What is expected:
Repeat each record below exactly, dropping the pictures.

Captioned web image data:

+---+

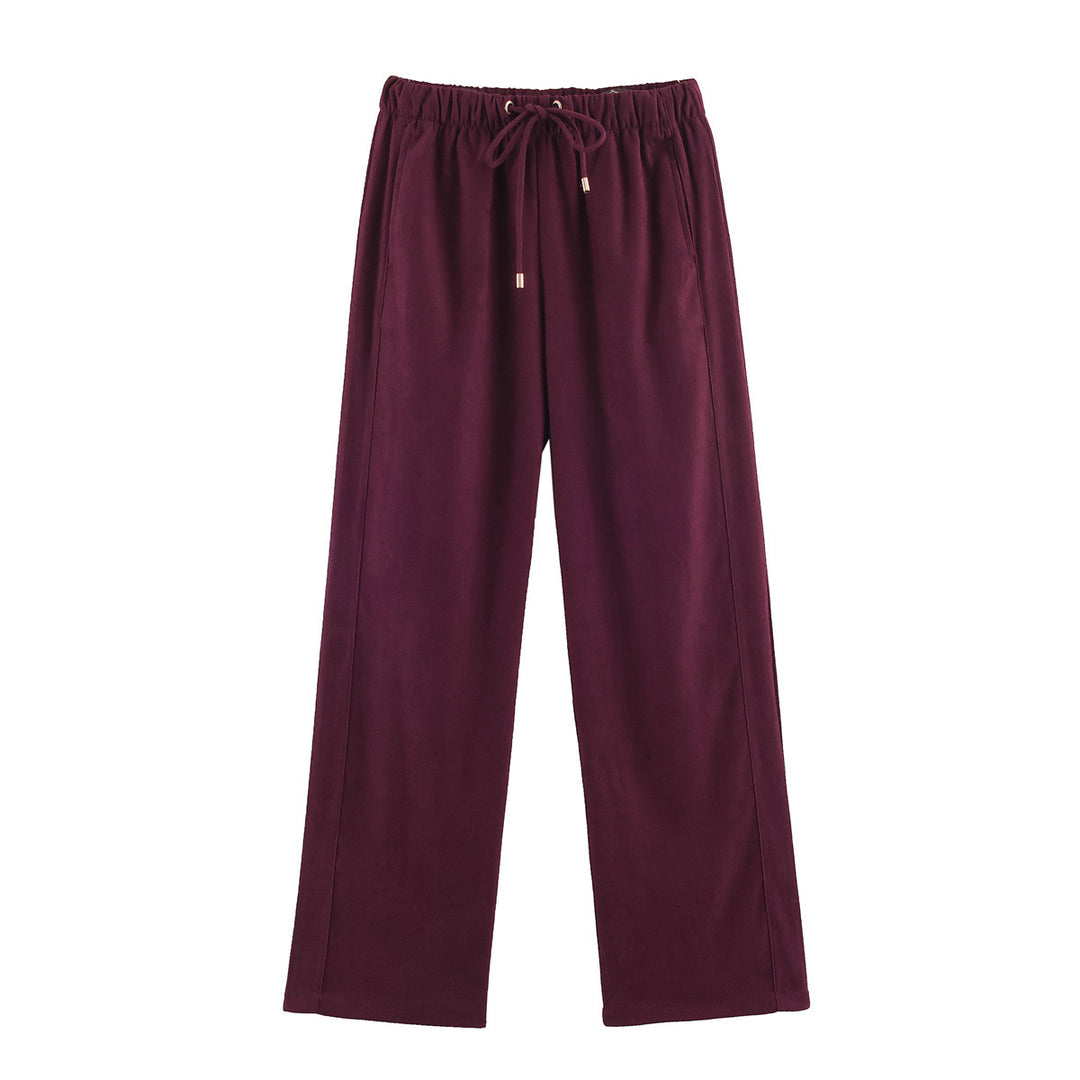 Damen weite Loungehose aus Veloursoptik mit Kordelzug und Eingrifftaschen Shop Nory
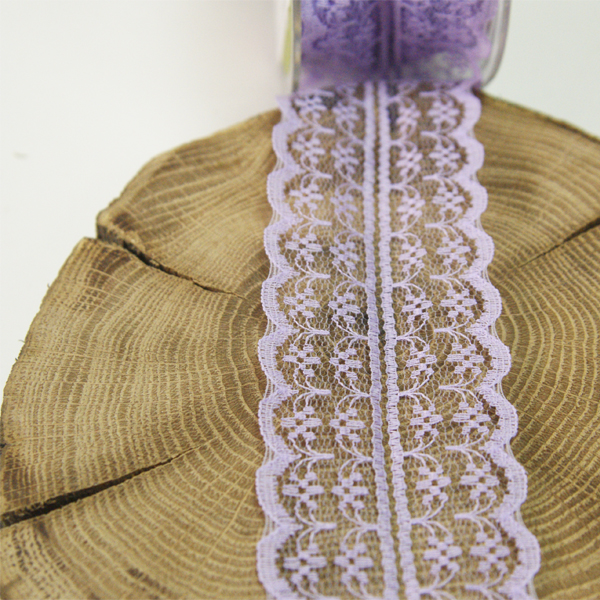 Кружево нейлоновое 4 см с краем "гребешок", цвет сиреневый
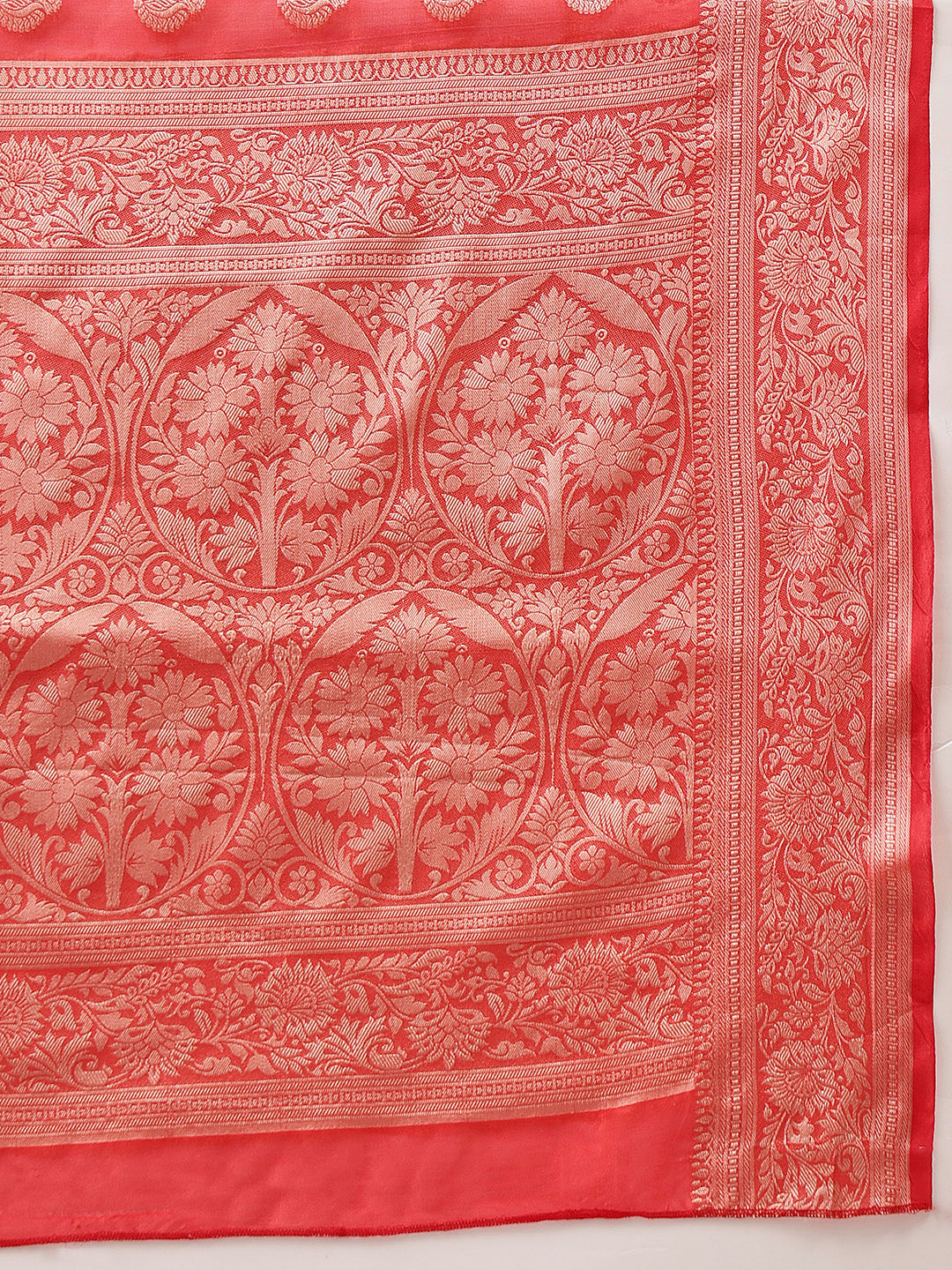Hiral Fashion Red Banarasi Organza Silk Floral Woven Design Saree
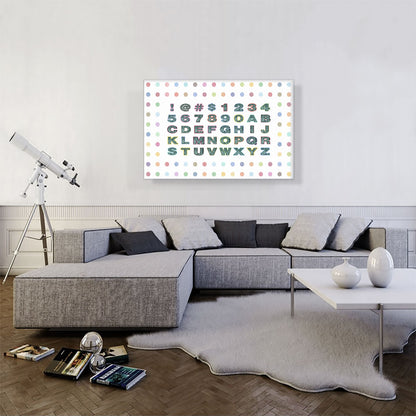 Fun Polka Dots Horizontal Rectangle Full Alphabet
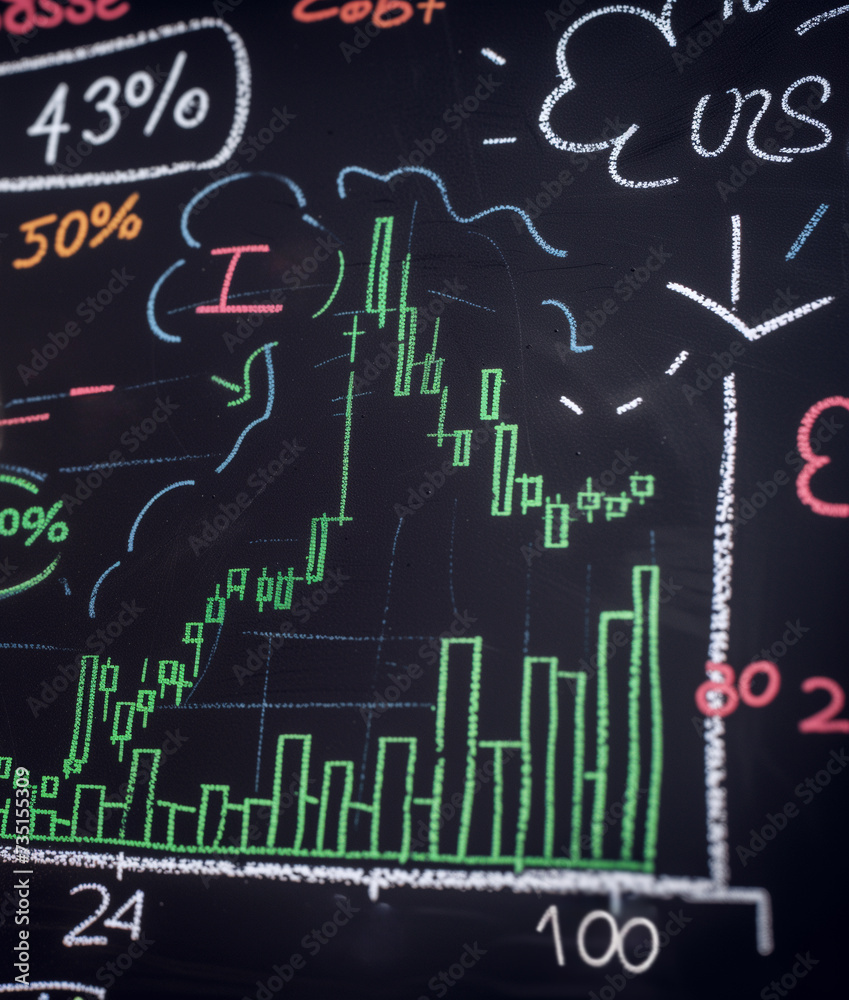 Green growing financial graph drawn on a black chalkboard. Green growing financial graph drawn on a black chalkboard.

+---+

Result for this exercise:
 Damen weite Loungehose aus Veloursoptik mit Kordelzug und Eingrifftaschen Shop Nory
 Кружево нейлоновое 4 см с краем "гребешок", цвет сиреневый
Hiral Fashion Red Banarasi Organza Silk Floral Woven Design Saree
 Fun Polka Dots Horizontal Rectangle Full Alphabet
 Green growing financial graph drawn on a black chalkboard. Green growing financial graph drawn on a black chalkboard.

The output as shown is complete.